The modern drug assessment system under KASA will build on algorithms of risk and support computer-aided analysis for a structured assessment of an application. The process begins with an objective evaluation of risk that considers key critical quality attributes, enabling OPQ staff to then focus on more risky products. The analysis considers the severity of possible harms and the detectability of future failures to be able to compare risks across products and determine if attributes are within or outside acceptable ranges. With such information, CDER still may approve a risky product, but with a recognition of the need for greater oversight to control for possible future problems.
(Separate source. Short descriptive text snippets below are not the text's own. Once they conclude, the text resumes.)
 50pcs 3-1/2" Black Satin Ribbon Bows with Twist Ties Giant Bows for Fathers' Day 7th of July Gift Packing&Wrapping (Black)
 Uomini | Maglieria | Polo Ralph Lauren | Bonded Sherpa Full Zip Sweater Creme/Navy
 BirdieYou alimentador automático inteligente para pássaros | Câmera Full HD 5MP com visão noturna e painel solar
In making the case for KASA at the PQRI meeting, OLDP Director Susan Rosencrance observed that applications for new drugs and generics composed of unstructured text can be a hindrance to an efficient agency assessment of product quality. Too often, she said, the important information on how an applicant controls risk “is lost in hundreds of pages of text.” This may encourage a reviewer’s quality assessment to be more subjective, leading to inconsistent decisions by the agency.
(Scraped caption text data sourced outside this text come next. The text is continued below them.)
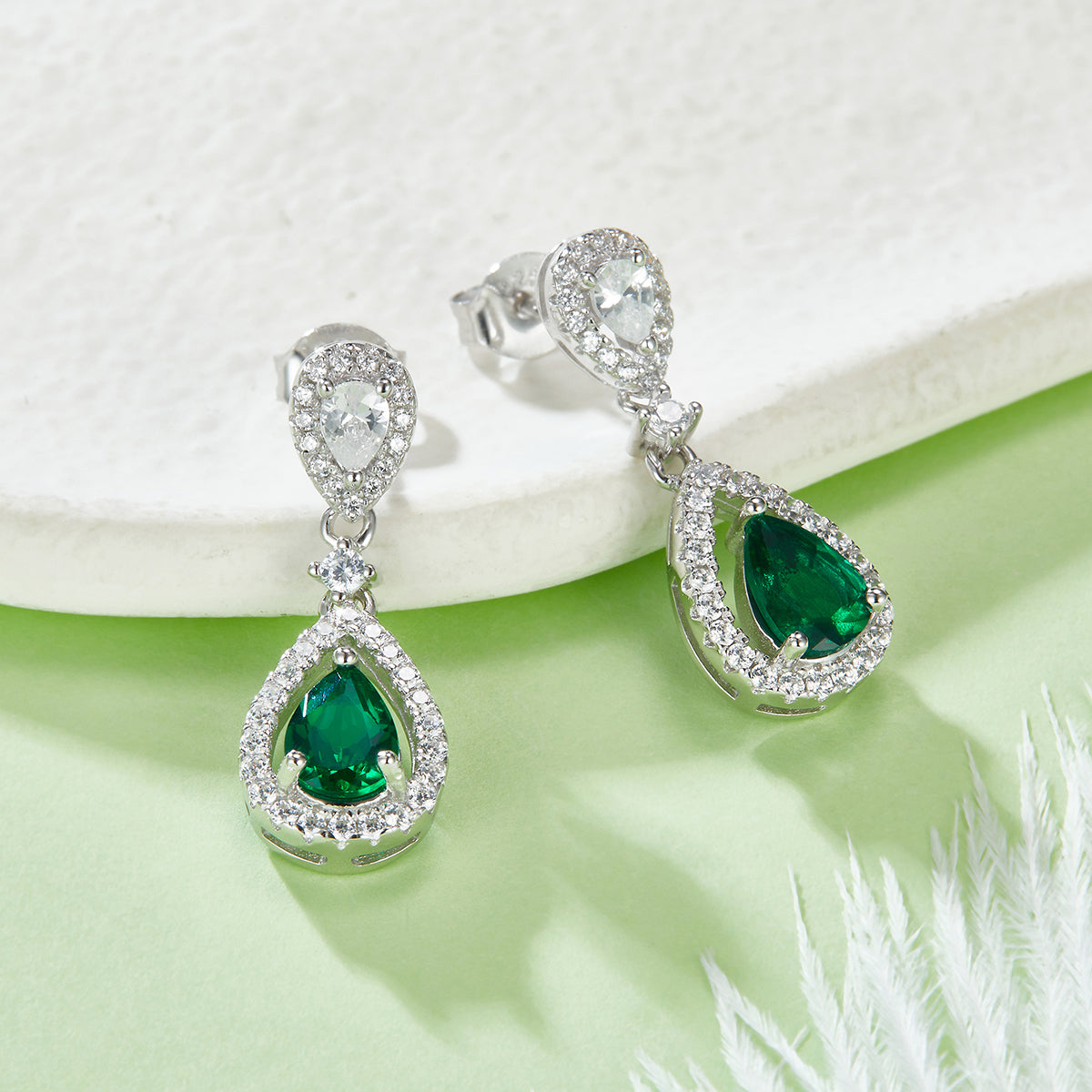 1.6CT Pear-Shaped Lab-Created Emerald Halo Drop Earrings in S925 Silver Plated Platinum
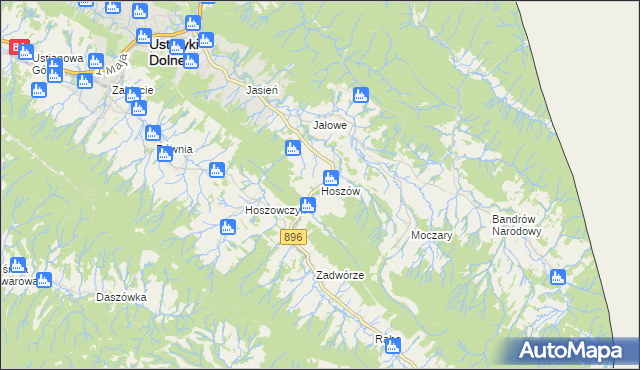 mapa Hoszów, Hoszów na mapie Targeo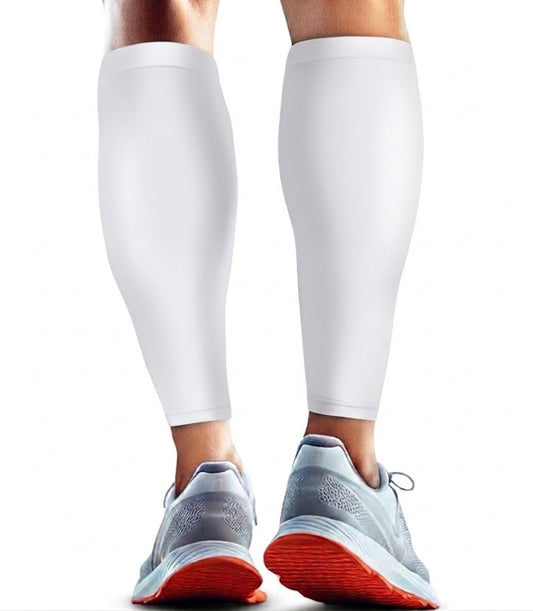 Performance Leg Calf Compression Sleeve White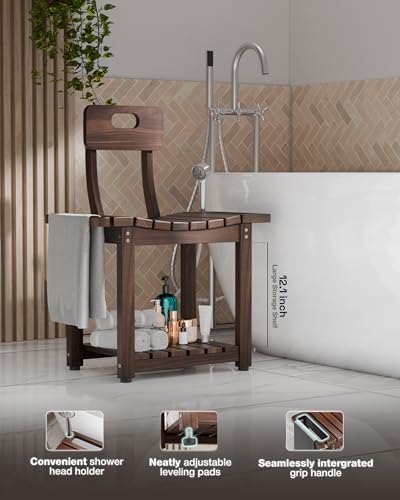 BLUEWEST 23.4'' Shower Chair with Backrest Bath Chair for Inside Shower or Tub, Heavy Duty 450 lbs Support, Non-Slip Feet, Shelf Storage, Built-in Handles for Elderly or Adults (Acacia) - color: Walnut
Drug applications that present information in prose require reviewers to do “a lot of hunting and pecking” to pull out key data, added Mary Ann Slack, director of CDER’s Office of Strategic Programs. To move forward, FDA plans to develop and test electronic data standards for submitting product quality and chemistry, manufacturing, and controls (CMC) data to the agency, Slack explained. This will be described in draft guidance slated for publication by March 2020 to further explain how future applications should present data files that can be entered into FDA’s drug data system to check ranges and areas to review more closely.
KASA is part of broader CDER efforts to modernize its drug regulatory program. This includes reorganizing the Office of New Drugs, developing new IT platforms and applications, establishing quality metrics, and building the emerging technology program to promote new drug design and manufacturing strategies. More consistent and objective regulatory assessments under KASA fits these broader goals by helping FDA achieve more first-cycle approvals for manufacturers and more affordable and accessible medicines for patients.
1. PQRI, 4th FDA/PQRI Conference on Advancing Product Quality, April 2019.
2. L. X. Yu et al.,International Journal of Pharmaceutics: X, 1 (December 2019).
Vol. 32, No 6
When referring to this article, please cite it as J. Wechsler, "FDA Advances New Approach to Drug Quality Assessment," BioPharm International 32 (6) 2019.